Step 7:  Set Table Variables (Table Tab)

Use the Table Tab to choose variables to include in the output matrix. For this exercise, you want to show the incidence rate for malignant cervical cancers by county quintiles for the percentage of the population with less than a high school diploma.

  • On the Table Tab, the variables are listed in categories in the Available Variables box at the bottom of the screen.
  • Use the "+" to expand the "User-Defined" category.
  • Select the new variable, "Quintiles - % < hs education 2000".
  • Click Row on the right hand side of the screen to add this variable to the row dimension in the list of Display Variables at the top of the window.

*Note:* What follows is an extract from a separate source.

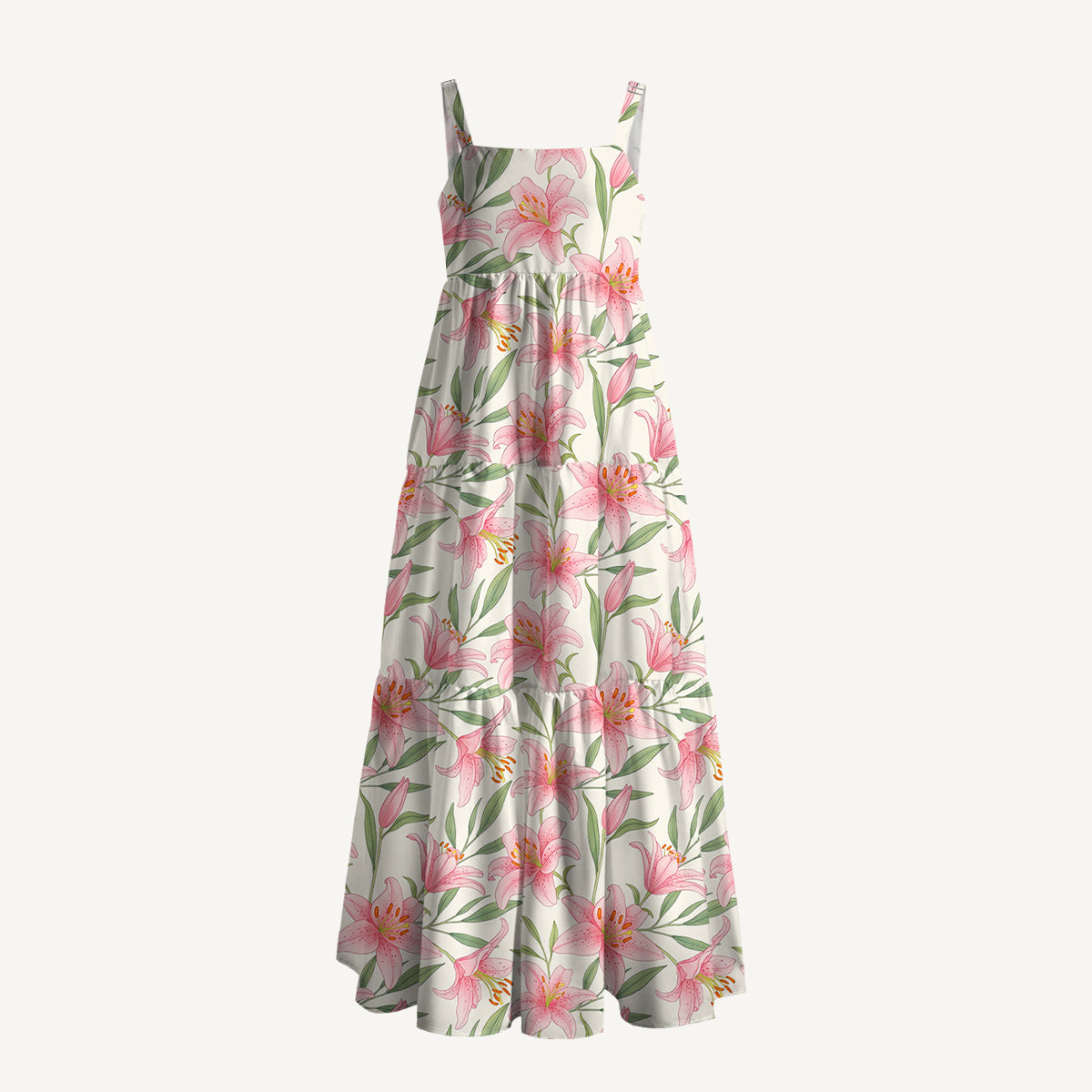 Garden Lily Printed Wide Straps Maxi Dress With Pockets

Step 8:  Specify a Title (Output Tab)

  • Move to the Output Tab.
  • Enter the following title:
    Age-Adjusted Incidence Rates for Female Cervical Cancer, SEER 18 Registries, 2007-2011
    By Quintiles (Based on Total U.S. Counties) of Percentage of Population (Ages 25+) without a High School Degree or Equivalent
    Rate Exercise 5

Step 9:  Execute SEER*Stat and Save the Matrix

  • At this point, you have made all the necessary selections on the session tabs. Use the Execute button or select Execute from the Session menu to execute the session.
  • A new window will be opened containing the output table or matrix. Results shown in the SEER*Stat matrix window cannot be edited. You can print the matrix, export the results to a text file, and copy-and-paste data into other applications. The Results Matrix section of the help system contains more information about the SEER*Stat matrix and its features.
  • Use the Save As command on the File menu to save the matrix. Enter "Rate Exercise 5" as the filename. SEER*Stat will assign the "sim" extension to indicate that this is a "SEER*Stat Rate Matrix" file.
  • Compare your results to this SEER*Stat matrix file: Rate Exercise 5 Matrix Results.